Metastatic Tumor Cell-Specific FABP7 Promotes NSCLC Metastasis via Inhibiting β-Catenin Degradation

Metastasis accounts for 90% of cancer-related deaths and represents a prominent malignant feature in non-small cell lung cancer (NSCLC), while tumor cell-specific mechanisms and molecules pivotal for the metastatic capacity remain unclear. By analyzing single-cell RNA sequencing data, we found that fatty acid binding protein 7 (FABP7) was specifically up-regulated in tumor cells of metastatic NSCLC patients and might be a prognostic indicator for poor survival. Experimental studies based on NSCLC cell lines showed that FABP7 promoted the metastatic competencies of NSCLC cells in vitro and in vivo. Mechanistically, we demonstrated that FABP7 was important to canonical Wnt signaling activation and competitively inhibited the interaction between beta-catenin and components of its cytoplasmic degradation complex, thereby repressing the phosphorylation-dependent ubiquitination and degradation of beta-catenin.
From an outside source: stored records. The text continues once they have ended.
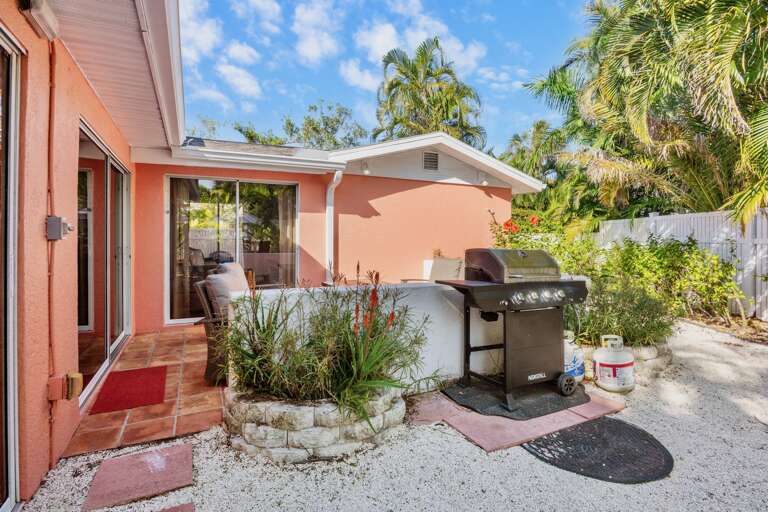 BBQ grill surrounded by lush palms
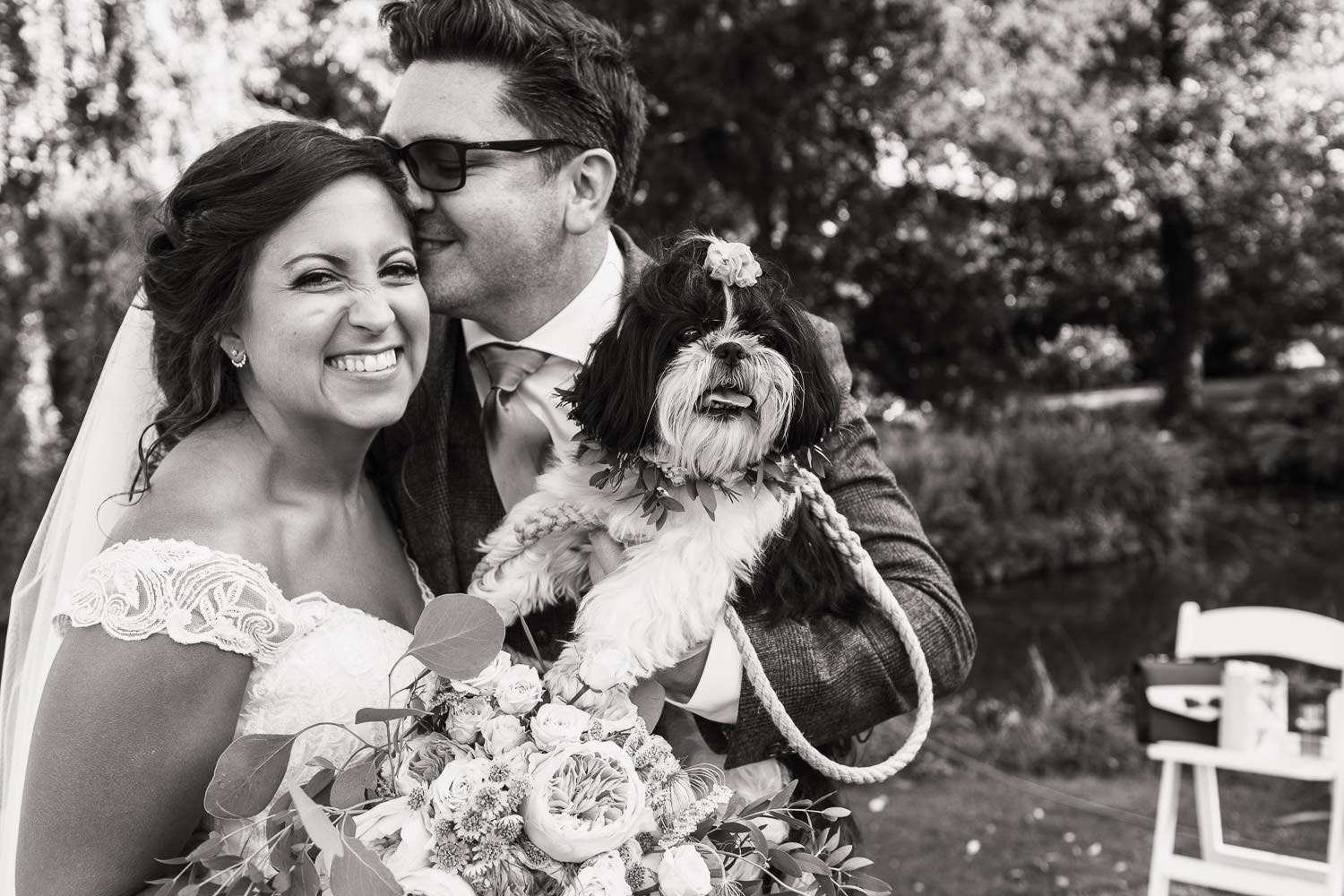 A black and white portrait of a bride, groom and their dog. The man is pressing his nose up to his new wife's head. She is smiling at the camera.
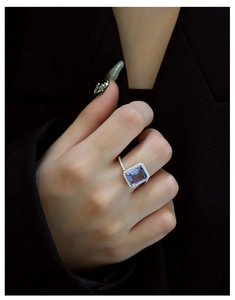 Macro detail of rectangle emerald-cut purple gemstone ring with diamond pavé setting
Our present study identifies FABP7 as a metastatic tumor cell-specific pro-metastatic gene and uncovers a previously unknown regulatory mechanism underlying Wnt hyperactivation via FABP7-impaired cytoplasmic beta-catenin degradation, implicating a novel molecule in regulating NSCLC metastasis.

Automated summary

By analyzing single-cell RNA sequencing data, researchers identified that FABP7 gene is specifically up-regulated in tumor cells of metastatic NSCLC patients and may serve as a prognostic indicator for poor survival. Experimental studies further showed that FABP7 promotes the metastatic competencies of NSCLC cells by inhibiting the degradation of specific cytoplasmic molecules in the Wnt signaling pathway.